I'm trying to build a small project node.js ts using webpack.

tsconfig.json
{
  "compilerOptions": {
    "lib": ["ESNext"],
    "target": "ES2020",
    "module": "NodeNext",
    "moduleResolution": "NodeNext",
    "esModuleInterop": true,
    "types": ["node"],
    "allowSyntheticDefaultImports": true,
    "rootDir": "./"
  },
}

I added it to the package.json line "type": "module"

webpack.config.ts
import * as path         from 'path';
import * as webpack      from 'webpack';
import { fileURLToPath } from 'url';

const __dirname = path.dirname(fileURLToPath(import.meta.url));

const PATHS = {
  entry:  path.resolve(__dirname, 'src/server/index.ts'),
  output: path.resolve(__dirname, 'dist'),
};

const config: webpack.Configuration = {
  target:  'node',
  entry:   PATHS.entry,
  output:  {
    path:     PATHS.output,
    filename: 'bundle.js',
  },
  module:  {
    rules: [
      {
        test:    /\.ts(x?)$/,
        use:     'ts-loader',
        exclude: '/node_modules/',
      },
    ],
  },
  resolve: {
    extensions: ['*', '.js', '.jsx', '.json', '.ts', '.tsx'],
  },
};

export default config;

By running the command "build": "webpack --config config/webpack.config.ts --mode development", I get an error :

[webpack-cli] Failed to load '/node_esm/webpack.config.ts' config [webpack-cli] TypeError [ERR_UNKNOWN_FILE_EXTENSION]: Unknown file extension ".ts" for /node_esm/webpack.config.ts

I tried adding to my config.json "ts-node": { "esm": true} this didn't help solve my problem.

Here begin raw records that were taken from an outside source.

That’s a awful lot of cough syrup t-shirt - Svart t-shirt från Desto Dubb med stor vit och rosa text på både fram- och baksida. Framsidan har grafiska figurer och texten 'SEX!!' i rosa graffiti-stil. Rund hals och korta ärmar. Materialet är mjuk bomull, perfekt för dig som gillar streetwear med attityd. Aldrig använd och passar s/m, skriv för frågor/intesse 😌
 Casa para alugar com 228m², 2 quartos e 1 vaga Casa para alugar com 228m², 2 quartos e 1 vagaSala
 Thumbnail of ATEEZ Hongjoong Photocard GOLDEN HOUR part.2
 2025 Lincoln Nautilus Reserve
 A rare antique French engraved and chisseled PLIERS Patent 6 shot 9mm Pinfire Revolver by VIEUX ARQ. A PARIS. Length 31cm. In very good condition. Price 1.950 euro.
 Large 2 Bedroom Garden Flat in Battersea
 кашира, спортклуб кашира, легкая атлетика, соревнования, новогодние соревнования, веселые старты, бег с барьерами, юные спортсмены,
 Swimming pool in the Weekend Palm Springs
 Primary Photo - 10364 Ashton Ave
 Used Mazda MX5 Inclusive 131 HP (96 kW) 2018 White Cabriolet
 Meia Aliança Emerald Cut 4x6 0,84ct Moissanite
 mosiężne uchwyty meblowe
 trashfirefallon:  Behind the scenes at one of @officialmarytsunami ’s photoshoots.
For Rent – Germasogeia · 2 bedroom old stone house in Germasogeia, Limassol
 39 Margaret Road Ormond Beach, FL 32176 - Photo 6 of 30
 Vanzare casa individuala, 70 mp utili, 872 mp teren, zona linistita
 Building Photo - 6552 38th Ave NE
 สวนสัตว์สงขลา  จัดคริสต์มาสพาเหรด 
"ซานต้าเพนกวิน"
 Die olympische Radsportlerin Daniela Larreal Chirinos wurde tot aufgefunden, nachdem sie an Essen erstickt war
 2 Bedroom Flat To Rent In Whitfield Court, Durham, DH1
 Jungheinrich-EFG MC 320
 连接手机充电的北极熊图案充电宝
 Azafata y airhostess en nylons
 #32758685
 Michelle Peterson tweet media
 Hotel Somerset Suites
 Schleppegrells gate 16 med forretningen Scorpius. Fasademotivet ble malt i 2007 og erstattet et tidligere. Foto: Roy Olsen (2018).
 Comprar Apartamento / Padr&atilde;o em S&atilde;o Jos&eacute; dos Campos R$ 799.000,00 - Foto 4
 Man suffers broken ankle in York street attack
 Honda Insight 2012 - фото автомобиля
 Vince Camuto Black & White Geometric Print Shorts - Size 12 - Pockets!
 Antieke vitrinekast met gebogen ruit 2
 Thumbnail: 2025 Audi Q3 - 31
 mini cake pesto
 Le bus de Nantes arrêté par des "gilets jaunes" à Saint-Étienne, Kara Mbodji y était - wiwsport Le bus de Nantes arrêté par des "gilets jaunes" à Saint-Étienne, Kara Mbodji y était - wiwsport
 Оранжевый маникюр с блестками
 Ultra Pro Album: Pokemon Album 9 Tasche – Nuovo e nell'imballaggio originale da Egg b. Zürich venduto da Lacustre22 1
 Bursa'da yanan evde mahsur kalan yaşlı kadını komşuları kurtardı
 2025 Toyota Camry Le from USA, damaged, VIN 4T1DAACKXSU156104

What do I need to do in order to build an application using webpack?

  • node: v16.18.1
  • ts-loader: v9.4.2
  • typescript: v4.9.4
  • webpack: v5.75.0
  • webpack-cli: 5.0.1

UPD I've tried change tsconfig.The first option is to open your tsconfig.json file and look for compilerOptions. Set target to "ES5" and module to "CommonJS" (or completely remove the module option).

{
  "compilerOptions": {
    "target": "ES5",
    "module": "CommonJS",
    "moduleResolution": "NodeNext",
    "esModuleInterop": true,
    "types": ["node"],
    "allowSyntheticDefaultImports": true,
    "rootDir": "./"
  }
}

the error remained the same. The second option is to add settings for ts-node:

You can keep "module": "ESNext" for tsc, and if you use webpack, or another build tool, set an override for ts-node.

{
  "compilerOptions": {
    "target": "ES2020",
    "module": "NodeNext",
    "moduleResolution": "NodeNext",
    "esModuleInterop": true,
    "types": ["node"],
    "allowSyntheticDefaultImports": true,
    "rootDir": "./"
  },
  "ts-node": {
    "compilerOptions": {
      "module": "CommonJS"
    }
  }
}

also at this point I tried to add

{
  "compilerOptions": {
    "module": "ESNext" // or ES2015, ES2020
  },
  "ts-node": {
    // Tell ts-node CLI to install the --loader automatically, explained below
    "esm": true
  }
}

as stated in the typescript documentation. The third option is to install the tsconfig-paths package it also didn't help.in all cases, the error remained the same as it was written before.

package.json
{
  "name": "node_esm",
  "version": "1.0.0",
  "description": "",
  "type": "module",
  "main": "index.js",
  "scripts": {
    "watch": "webpack --config config/webpack.config.ts --mode development --watch",
    "build": "webpack --config config/webpack.config.ts --mode development"
  },
  "keywords": [],
  "author": "",
  "license": "ISC",
  "dependencies": {
    "cross-env": "^7.0.3",
    "express": "^4.18.2"
  },
  "devDependencies": {
    "@types/express": "^4.17.15",
    "@types/node": "^18.11.18",
    "@types/webpack": "^5.28.0",
    "circular-dependency-plugin": "^5.2.2",
    "clean-webpack-plugin": "^4.0.0",
    "nodemon": "^2.0.20",
    "ts-loader": "^9.4.2",
    "ts-node": "^10.9.1",
    "tsconfig-paths": "^4.1.2",
    "tsconfig-paths-webpack-plugin": "^4.0.0",
    "typescript": "^4.9.4",
    "webpack": "^5.75.0",
    "webpack-cli": "^5.0.1",
    "webpack-dev-server": "^4.11.1",
    "webpack-node-externals": "^3.0.0"
  }
}

CodePudding user response:

The main issue is that Webpack uses the ts-node API, not the CLI so you need to configure the node loader appropriately.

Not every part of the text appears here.